The ensuing publicity, which propelled Roast Chicken and Other Stories straight to the top of the bestseller lists, had something of a whiff of the silly season about it. As one friend of Hopkinson's says: "This was Waitrose Food Illustrated, not a Nobel Prize. I can't help feeling that it has all got slightly out of hand." And yet the figures are plain enough.

As soon as Ebury Press, the book's delighted if slightly startled publishers, realised how much demand there suddenly was for a book that for years had scarcely registered on the company's sales charts, they ordered an urgent new print run of 30,000. They underestimated. In the whole of last year Hopkinson's book sold 800 copies; last week it was selling 900 copies a day. On Amazon, it has even outsold Harry Potter and the Half-Blood Prince.

A 51-year-old man from Bury, Lancashire, who lives alone in London with his cats, is the improbable literary star of the summer. Even more improbably, he no longer does the two things that he has become famous for.

It is decidedly strange for a professional chef and cookery writer to find himself in vogue when he has given up cooking and writing. "I'm not really sure what Simon does now," says Mark Hix, who succeeded Hopkinson as this newspaper's cookery writer. "I think he paints a little bit. But it's a great shame that he doesn't cook professionally any more.
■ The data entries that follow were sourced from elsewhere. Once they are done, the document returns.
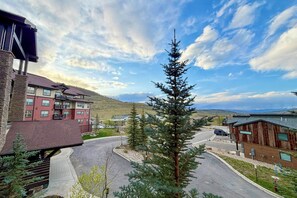 A residential area with a multi-story building, a single-story building, and a prominent evergreen tree. - Granby Ranch Condo w/ Mtn-view: Trails & Hot-tub! (Granby)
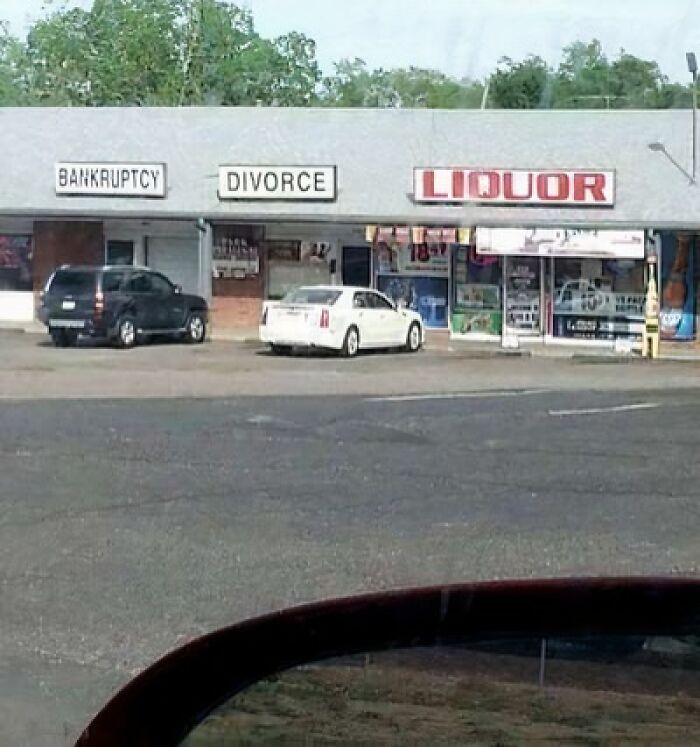 Storefront signs reading bankruptcy, divorce, and liquor, creating a humorous scene that makes people laugh or do a double take.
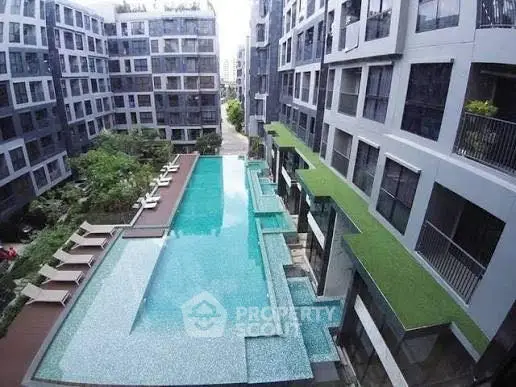 Luxurious modern apartment complex with stunning outdoor pool and lush greenery.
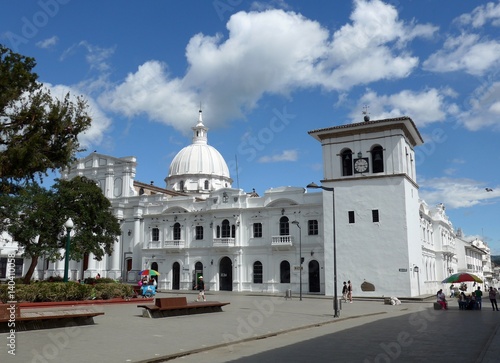 A blue sky day above the beautiful large white Torre del Reloj in the central plaza of Popayan  photo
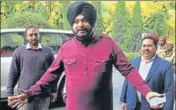  ??  ?? Local bodies minister Navjot Singh reaches the Vidhan Sabha to attend the assembly session on Thursday.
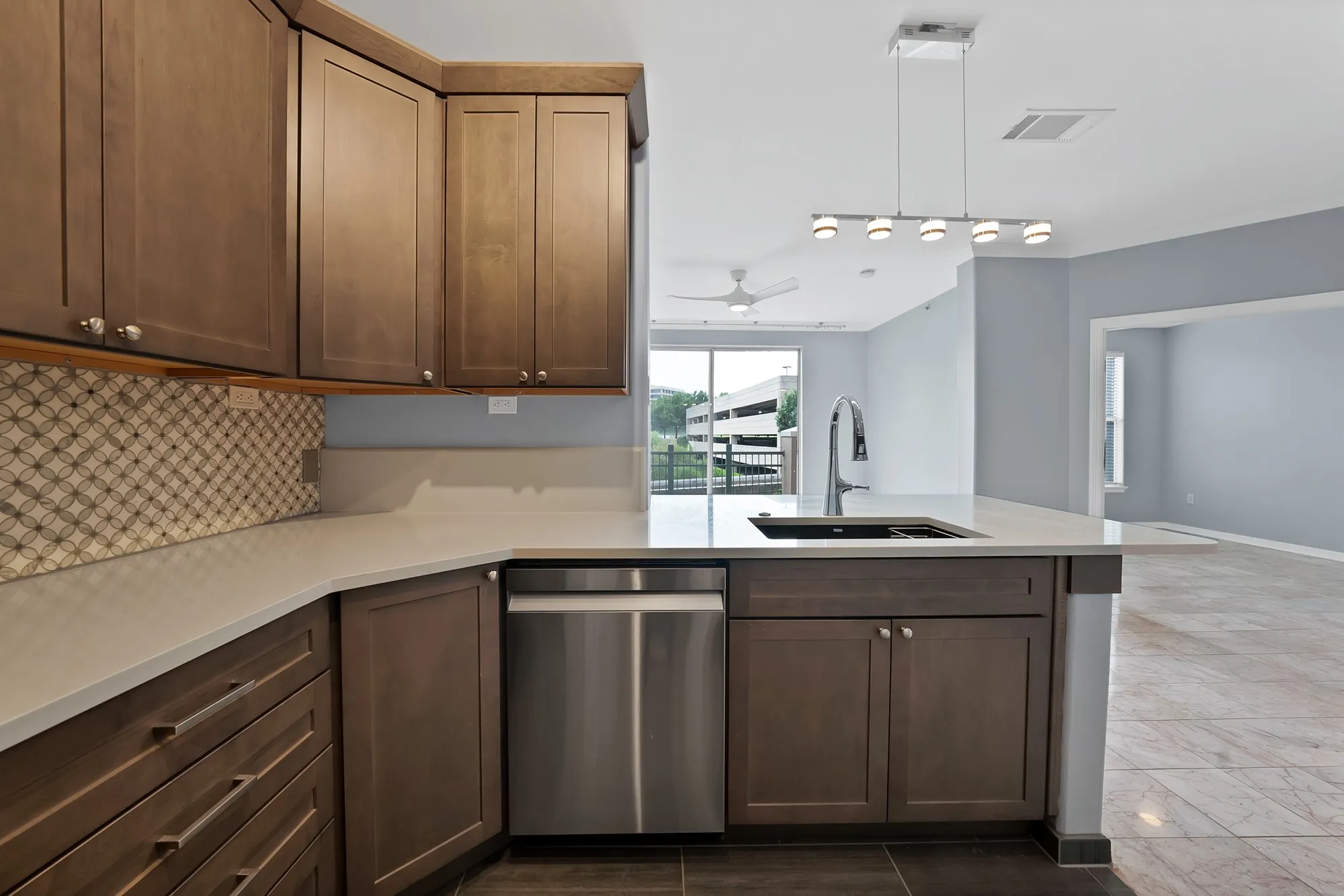 Full kitchen with wood cabinetry, stainless steel dishwasher, an integrated sink with a gooseneck faucet, light-toned countertops, and a patterned tile​​‌​​​​‌​​‌‌​‌‌​​​‌‌​‌​‌​‌​​​‌​​ backsplash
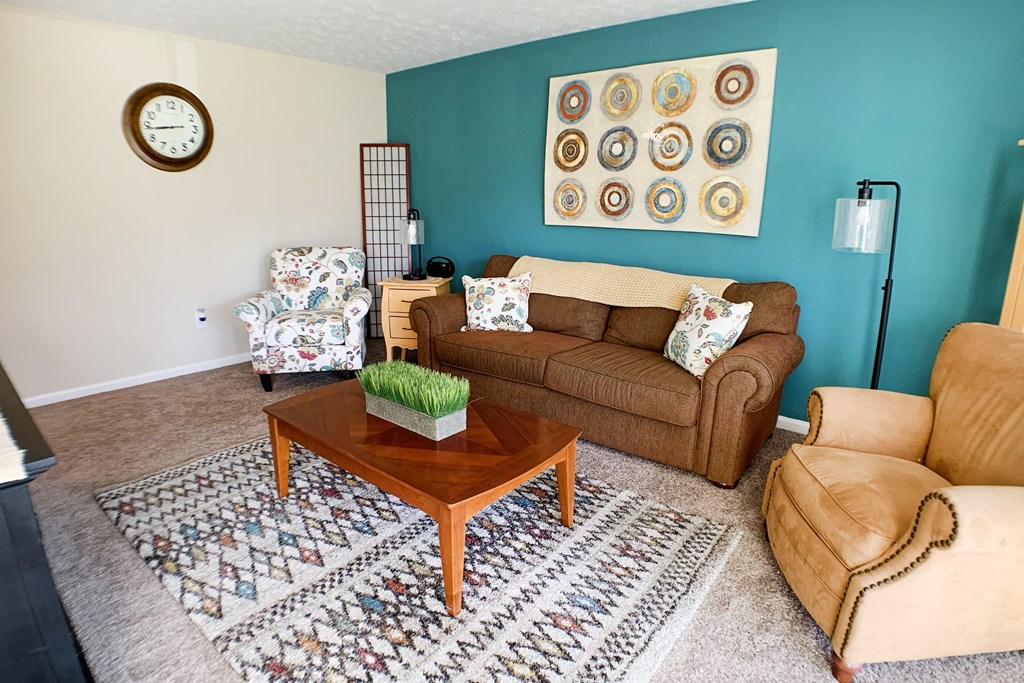 a living room with a couch and a coffee table at Timber Ridge Apartments, Cincinnati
"He's a unique guy, with a unique knowledge of food, and his philosophy - simple cooking with the best possible ingredients - has been hugely influential."

The reason Hopkinson does not cook in professional kitchens any more is that he can't stand the heat. In 1994, shortly after the publication of Roast Chicken and Other Stories, he had a kind of breakdown at Bibendum, the Terence Conran-owned restaurant where he was head chef. It was rather like Daniel Day-Lewis suddenly losing it on stage at the National Theatre: a man in a familiar environment, where he is supposed to be in complete control, dramatically caving in under the burden of expectation.

"It just all got too much," Hopkinson recalls now. "I broke down, and was sobbing and sobbing and sobbing. It was terrible, awful. And that was it for me. I couldn't do it now. I'd be terrified. I'd chop my fingers off or something."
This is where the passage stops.